Today, comparatively speaking, the advisor’s task is notably more involved: Helping clients to choose appropriate accounts and understand their mechanics and knowing whether or not clients should take Canada Pension Plan (CPP) payments and draw down assets without triggering Old Age Security (OAS) claw backs were two examples. Business owners also routinely seek help from their advisors with succession planning and advanced tax strategies are necessary to help clients keep cottages in the family.
“The process gets to a point where you really want to make sure you actually choose your clients,” says Jonathan Durocher, president of National Bank Financial Wealth Management of the know-your-client process and other related facets. As investors become more informed too, the experts add, expectations also change.
Preferences can’t be generalized by generation, either. McNally points out that three different Gen Z clients can think about investing in wildly different ways. Across the board, however, generations of clients do appear to want an omni-channel experience. “I think we need to get a lot better at being comfortable in that digital world (podcasts, YouTube and TikTok) because they expect it. And we need to be able to change really quickly because the pace that they’re changing at is really, really fast,” she says.
Developing talent was brought forth as one solution to the communication gap which might exist between prospective clients and older advisors.
“Every generation is going to have their own perspective. I think the best way to actually do a good job is to ensure that we have a different generation of advisors that are able to cater to that reality. That’s what we’ve been doing with a good amount of success,” Durocher says.
Riley Etheridge Jr., president of North American wealth management client group with Capital Group says he is also encouraged by programs in the United States, where he says the average advisor is even older than in Canada. “I’m super excited to see the university programs that are growing around financial planning in places like Texas Tech and the University of Georgia and Kansas State University. There are 200 to 300 students in those programs that are going to graduate with the academic requirement to be certified financial planners. They’ll give advice to our kids.”
Returning to the problem where advisors need to make tradeoffs about the clients they serve, a trend which puts smaller balance-holding clients at risk of being left behind, Durocher points out that technology can help.

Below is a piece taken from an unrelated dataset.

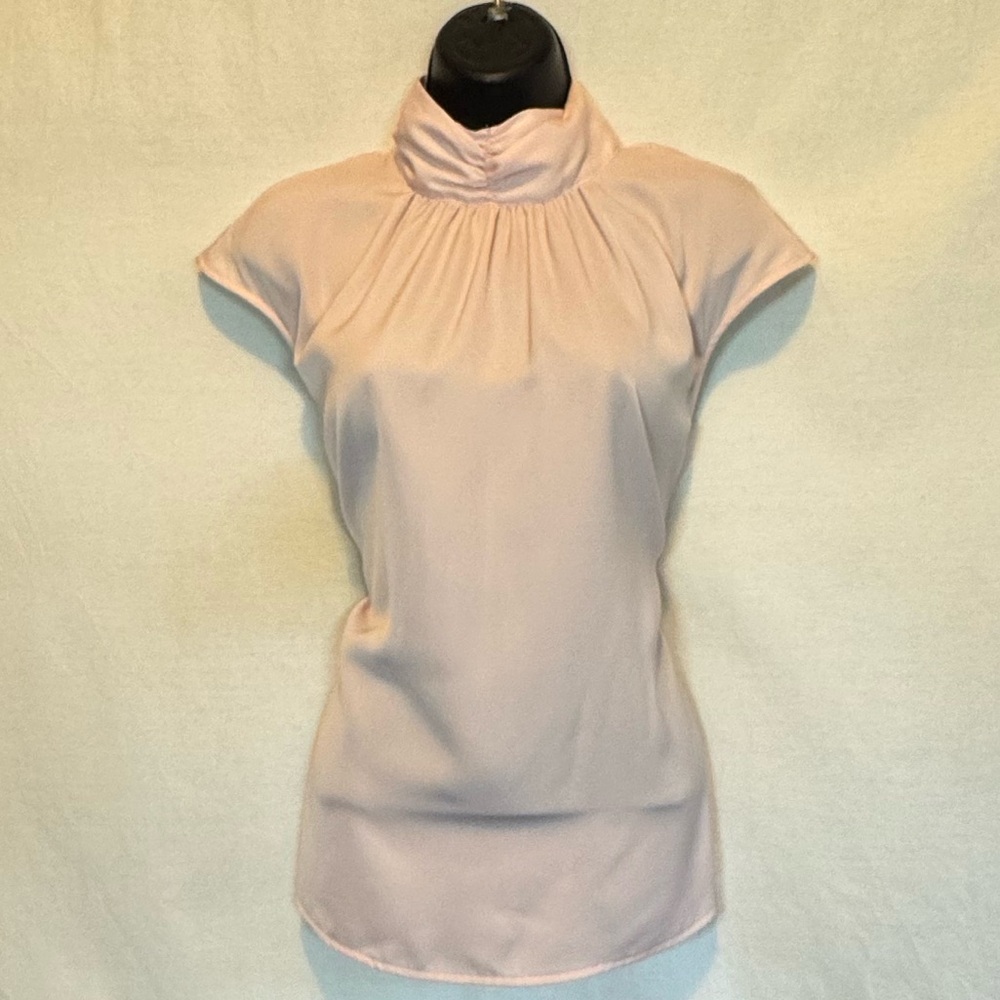 C-90 Who What Wear Pink High neck Sleeveless‎ Pullover Blouse Size M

“There is that risk for smaller balances out there. It’s up to us as an industry to pick them up and not leave them behind. It’s something I think we’ve got to keep pushing for as an industry – to be better there,” he adds.
Financial planning tools developed for larger clients are now being used to serve smaller investors, as well. “We are in the middle of a big digital transformation. And really, the goal is that advisors become more productive, that they’re spending more time with their clients,” says Brittany Bascom, head of platform and product with Manulife Securities, who adds that compliance supervision also becomes easier with this investment in technology.

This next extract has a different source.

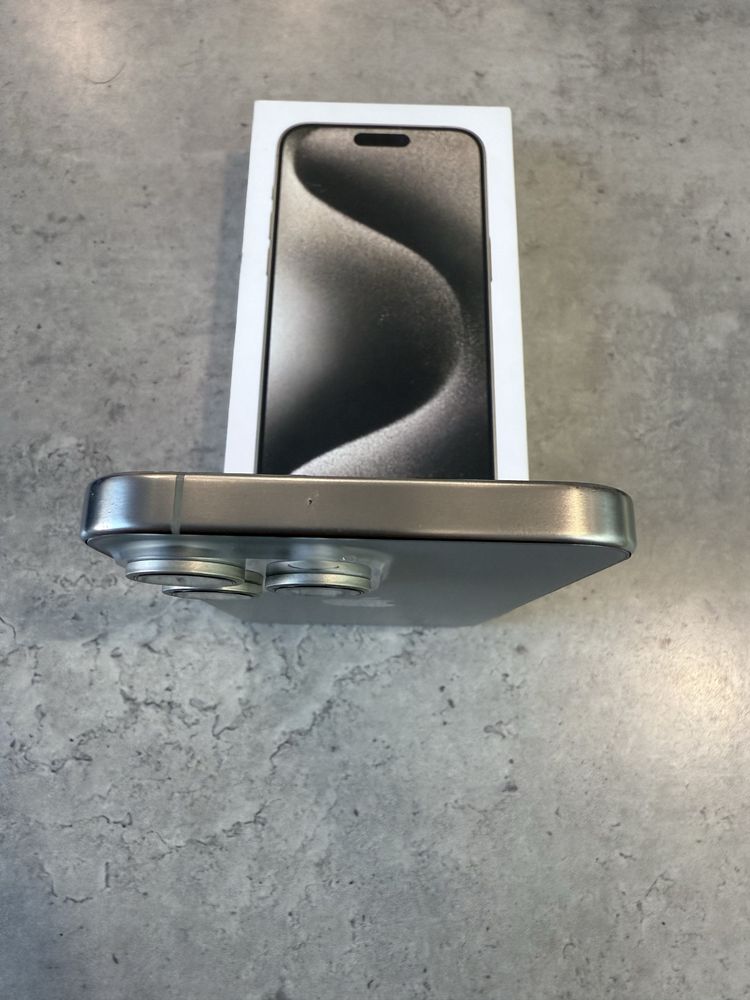 Продам iPhone 15 Pro Max 512 Natural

“What I’m noticing with advisors, when it comes to the regulation, those who are embracing it, they’re winning,” says Bascom. “They’re building better relationships. Those advisor books are growing.”
Going forward, McNally says one of the relatively near-term challenges advisors will face is the prospect of bringing clients back to the discipline of long-term investing.
“I think a lot of long-term investors have become short term investors recently,” she says. “I think it’s become much harder for advisors to have the conversation about staying invested long-term when GIC rates are getting five per cent or higher. It’s been a lot easier to sit back and sell that GIC.”
She says shifting this conversation has become a priority for the firm.
“I think over the next couple of years, especially as rates start to come back down, we’re going to have to restart those conversations with investors about thinking about their medium-term goals and long-term goals and moving them out of cash,” she adds. “History shows that investors are not very good at timing that and getting back in at the right time. I think that’s one of the things that we’re going to be spending time on in the next few years.”